Montgomery Locks project to be completed with $857 million federal boostView Source
Chrissy Suttles, Beaver County Times
·4 min read
INDUSTRY — Engineers will complete a yearslong venture to restore the aging Montgomery Locks in Beaver County thanks to a new round of federal funding.
U.S. Sen. Bob Casey, D-Scranton, and U.S. Rep. Conor Lamb, D-17, on Wednesday said the Pittsburgh U.S. Army Corps of Engineers will receive more than $857 million of President Joe Biden’s $1.2 trillion infrastructure spending package for its Upper Ohio Navigation project.
The $2.6 billion plan involves replacing and expanding chambers at the Emsworth, Dashields and Montgomery locks and dams along the Ohio River.
“If this system were to break down, the economy of a large segment of America would be adversely impacted because of the failure to move commodities through the waterway system,” Casey said.
The "unprecedented" funding will be used to complete work on Industry’s Montgomery Locks, built in the 1930s and now exhibiting significant deterioration. A catastrophic failure at the site would halt river traffic and likely hamper work at Shell’s ethane cracker plant nearby. The system has a 50% chance of failure by 2028 and an average of 300 commercial lockages each month.
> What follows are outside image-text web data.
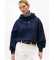 Kaufen Tommy Hilfiger Kapuzensweatshirt mit strukturiertem navyfarbenen Logo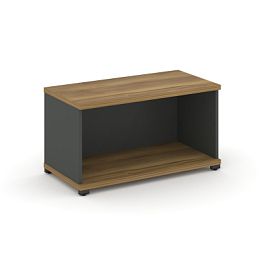 Concept Стеллаж 1 широкая секция, 1 ниша CN.STS-110 Сандал Янтарный/Антрацит/Металл Антрацит 836*420*450 - Фото предпросмотра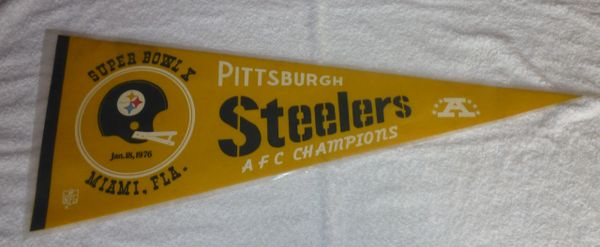 Pittsburgh Steelers Super Bowl X full-size pennant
Mary Ann Bucci, Port of Pittsburgh Commission executive director, said there’s already a crack that leaks water between the two walls of Montgomery's chambers.
“If that wall collapses, both chambers would be non-functional and you close the Port of Pittsburgh,” she said, adding this would completely shut down regional commerce and may affect municipal drinking water.
The Upper Ohio River locks are estimated to facilitate the transport of 15 to 20 million tons of commodities annually in the next 50 years.
“(This funding) means we can put that out to bid all at one time and keep the project moving forward,” Bucci said. “Unlike the Lower Mon Project, which went piece by piece, year by year with whatever dollars we got. We end up in year 28 of a 10-year project. That will not happen at the Montgomery Locks and Dam.”
Now that Montgomery is fully funded, Bucci said Emsworth is the next priority with Dashields not far behind. Regionally, transportation through Emsworth, Dashields and Montgomery is expected to support 3,800 full-time jobs annually.
“It’s not just investment in Montgomery...but a reinventing of the portal to Pittsburgh,” said Darrin Kelly, Allegheny County Labor Council president. “Not just what’s coming out, it’s what coming back in...This will allow larger ships to come through.”
Lamb said Wednesday's news “builds on years of bipartisan work and progress” to secure funding for the system.
“River traffic is something few people think about unless it is shut down,” he said, adding that if Montgomery were to collapse “we could lose thousands of jobs and add thousands of trucks to our roads, meaning more pollution and traffic.”
“This funding is essential and the result of years of advocacy and old-fashioned, hard legislative work,” he said.
What we can expect from the infrastructure law
Pennsylvania is slated to receive roughly $18 billion from the $1.2 trillion infrastructure spending deal passed by Congress and signed by President Joe Biden in November. With the option to apply for additional funds, the state could see as much as $50 billion in the coming years.
Although the money may take some time to travel to local communities, funding can be used to improve roads, bridges, public transit and drinking water. This includes $11.3 billion for highway projects, $1.6 billion for bridge repairs and $4.2 billion for public transit and water systems over five years.
The $1.4 billion to improve water infrastructure, such as replacing lead pipes, may be welcome news to thousands of Beaver County residents who frequently deal with line breaks, century-old cast iron and lead pipes and rising water prices.
Pennsylvania was recently awarded its first $240 million from the package; Gov. Tom Wolf has prioritized lead remediation and reducing contaminants like “forever chemicals” known as PFAS in drinking water.
The U.S. Department of Transportation’s Federal Aviation Administration already awarded its first round of $70.7 million to Pennsylvania’s 62 airports, including more than $11 million to Pittsburgh International Airport and $295,000 to Beaver County Airport for investments in runways, taxiways, safety, terminals and roadways.